• **Exercise aim**: Nothing but the lines from the one containing "Toms Modelautos Delorean" through the end of the data below should appear in the answer, each exact and free of pictures.

• **Data section**:
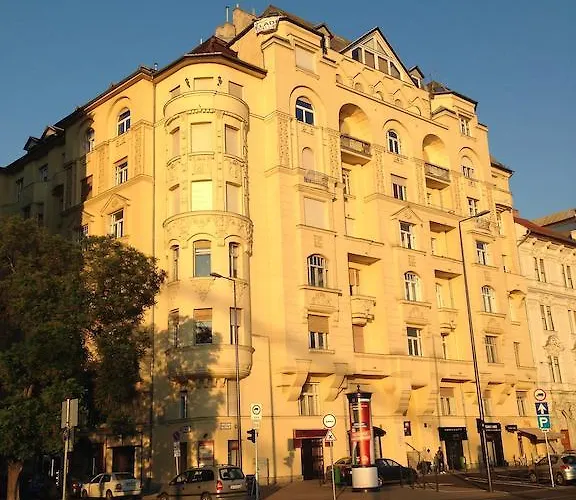 Elizabeth Apartment
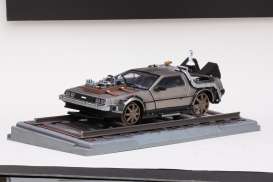 Delorean - *Back to the Future III Railro 1987 silver - 1:18 - SunStar - 2714 - sun2714 | Toms Modelautos Delorean - *Back to the Future III Railro 1987 silver - 1:18 - SunStar - 2714 - sun2714 | Toms Modelautos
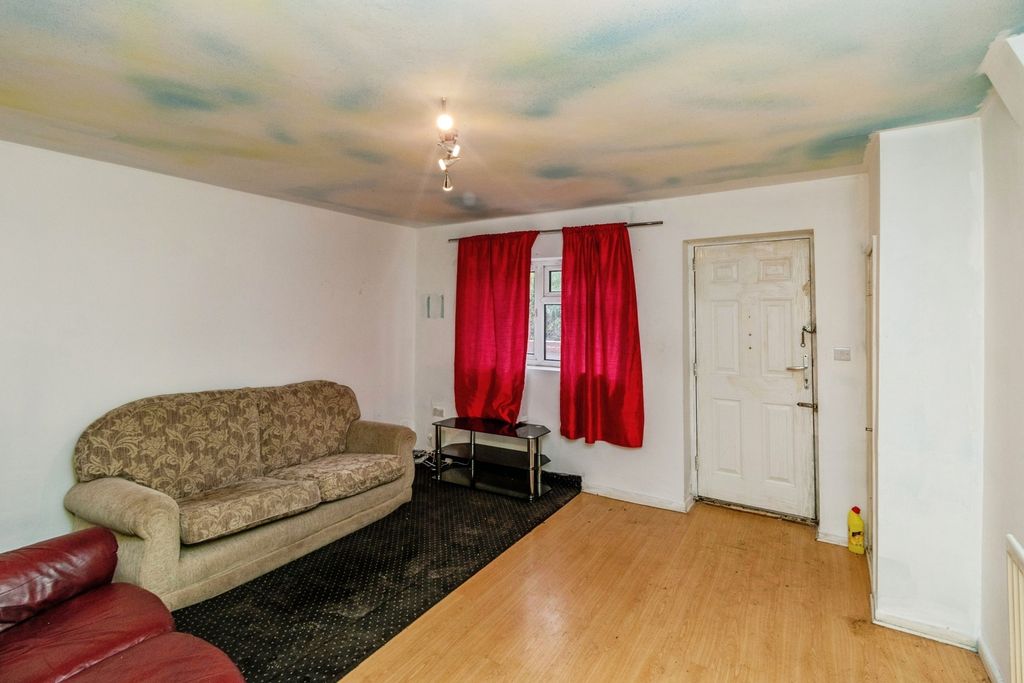 Property photo 2 of 19 Pbox-Img.Jpg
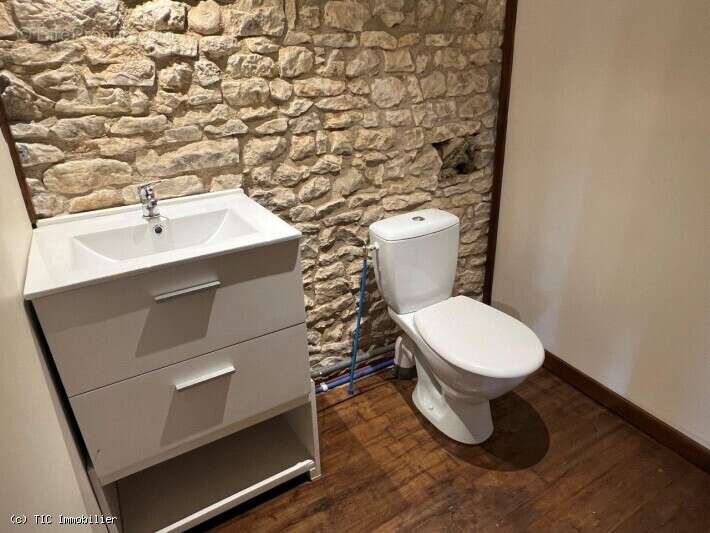 Maison à CELLEFROUIN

• **Answer box**:
 Delorean - *Back to the Future III Railro 1987 silver - 1:18 - SunStar - 2714 - sun2714 | Toms Modelautos Delorean - *Back to the Future III Railro 1987 silver - 1:18 - SunStar - 2714 - sun2714 | Toms Modelautos
 Property photo 2 of 19 Pbox-Img.Jpg
 Maison à CELLEFROUIN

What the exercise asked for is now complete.